La Crosse, WI • On-site, Remote

$157K - $163K/yr

Full-time

Posted 20 days ago


Job description

Be Part Of A Dynamic Team:

Join a high-performing engineering team focused on developing advanced thermal and power infrastructure solutions for high-density data center, AI, HPC, and mission-critical environments. This organization is helping shape the next generation of data center systems by connecting electrical architecture, power delivery, cooling integration, controls, and reliability into scalable solutions for rapidly evolving compute demands.

This team is focused on solving complex infrastructure challenges across electrical power, thermal systems, and high-density equipment integration. The Electrical & Power Lead will help define how data center power systems support advanced cooling architectures, including high-voltage distribution, 800VDC concepts, power conversion, backup power, controls integration, and rack/facility-level deployment.

What’s In Store For You:

This is a full-time direct hire opportunity supporting a high-growth data center thermal systems portfolio.

The role offers the chance to influence electrical and power architecture for AI and high-density compute environments, including systems that must balance safety, reliability, efficiency, scalability, serviceability, cost, and deployment readiness.

Remote flexibility may be considered for exceptional candidates, with travel expected as needed for customer meetings, technical reviews, field validation, industry events, and project support.
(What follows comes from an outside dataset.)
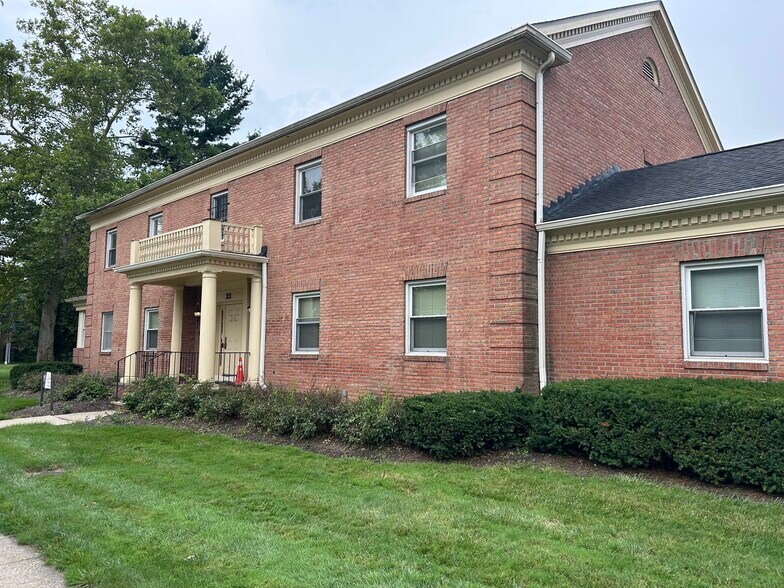 21 Beech St, Berea, OH à vendre - Photo de l’immeuble – Image 2 sur 2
How You Will Make An Impact:

  • Lead electrical and power system concept development for advanced data center thermal systems.
  • Evaluate power architectures involving 800VDC, AC/DC conversion, power shelves, busbars, switchgear, UPS, batteries, generators, EPMS, controls, and rack/facility power distribution.
  • Partner with mechanical, thermal, controls, product, field, and customer-facing teams to ensure power architecture aligns with cooling system requirements.
  • Translate high-density compute and cooling loads into practical electrical infrastructure requirements.
  • Support development of system concepts, single-line inputs, operating strategies, safety requirements, control interfaces, and reference design content.
  • Evaluate equipment operating limits, redundancy strategies, fault conditions, commissioning readiness, and system-level performance tradeoffs.
  • Support field validation, troubleshooting, factory witness testing, deployment readiness, and customer solution reviews.
  • Provide technical guidance for strategic pursuits, customer discussions, industry events, and commercialization activities.
  • Mentor engineers and help build organizational knowledge around high-density data center power systems.

Do you have the expertise to lead in data center electrical and power systems?
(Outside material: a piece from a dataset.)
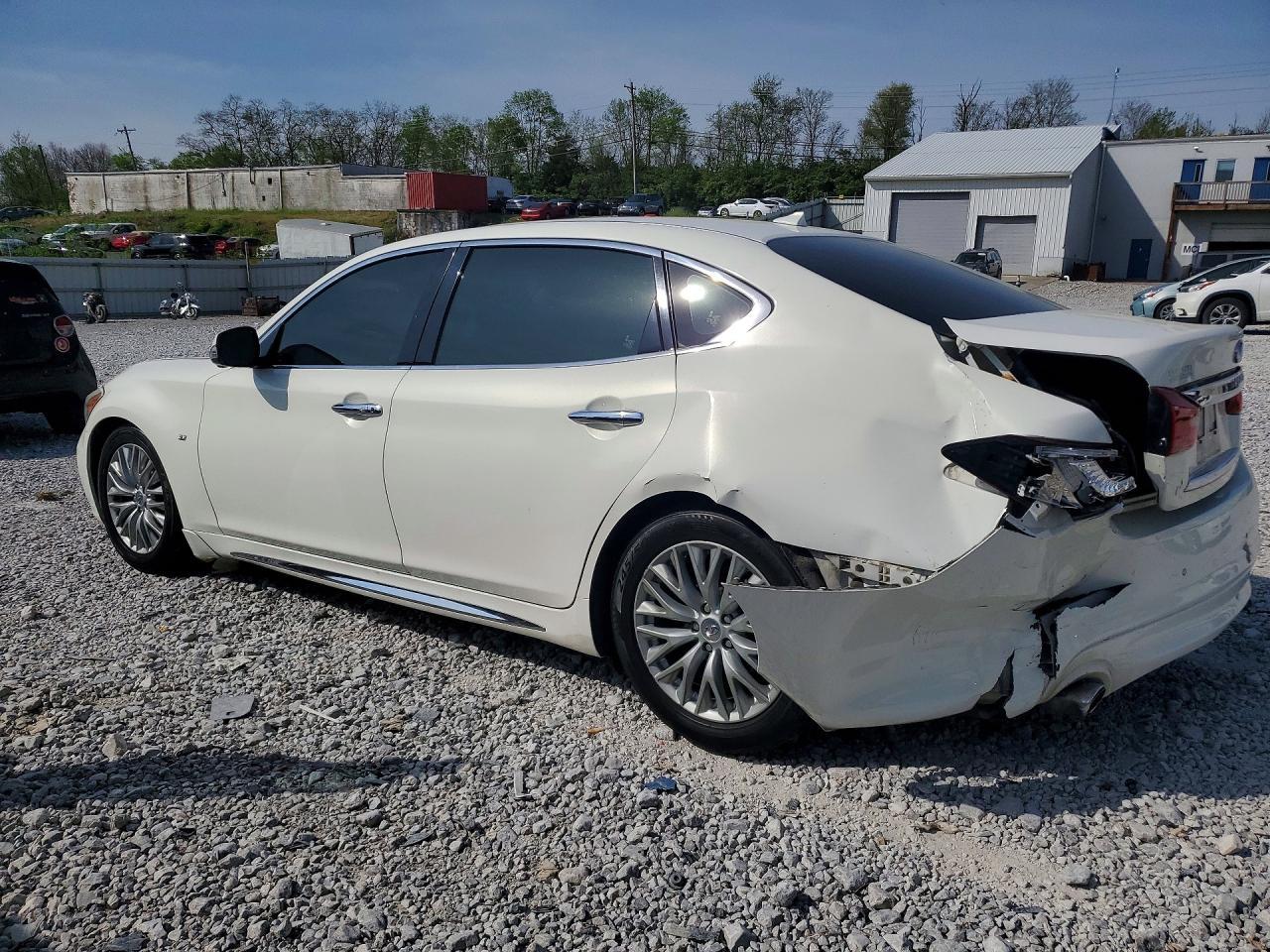 2015 Infiniti Q70L 3.7 - Image 2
  • 8+ years of relevant engineering experience in data center electrical systems, power infrastructure, heavy industrial power, power electronics, mission-critical facilities, or high-density compute infrastructure.
  • Direct experience with data center, mission-critical, industrial, or advanced power systems, including switchgear, UPS, generators, batteries, busbars, power distribution, AC/DC conversion, or high-voltage DC systems.
  • Exposure to 800VDC, HVDC, DC busbar architecture, rack-level power, power shelves, or high-density AI/HPC infrastructure is strongly preferred.
  • Strong system-level understanding of how power architecture supports cooling, controls, reliability, and high-density data center deployment.
  • Experience with electrical safety, fault tolerance, redundancy, grounding, commissioning, controls integration, or power monitoring systems.
  • Familiarity with EPMS, BMS/BAS integration, PLC/control interfaces, utility coordination, load management, or demand limiting is preferred.
  • Ability to evaluate complex electrical and power systems with a practical, real-world engineering mindset.
  • Strong communication skills with the ability to present technical concepts to customers, leadership, engineering teams, field teams, and industry stakeholders.
  • Exposure to OCP, IEEE, IEC, UL, NFPA, NEC, ASHRAE TC 9.9, or other data center / electrical standards organizations is preferred.
  • Professional Engineering license, advanced degree, conference participation, standards work, publications, or technical presentations are helpful but not required.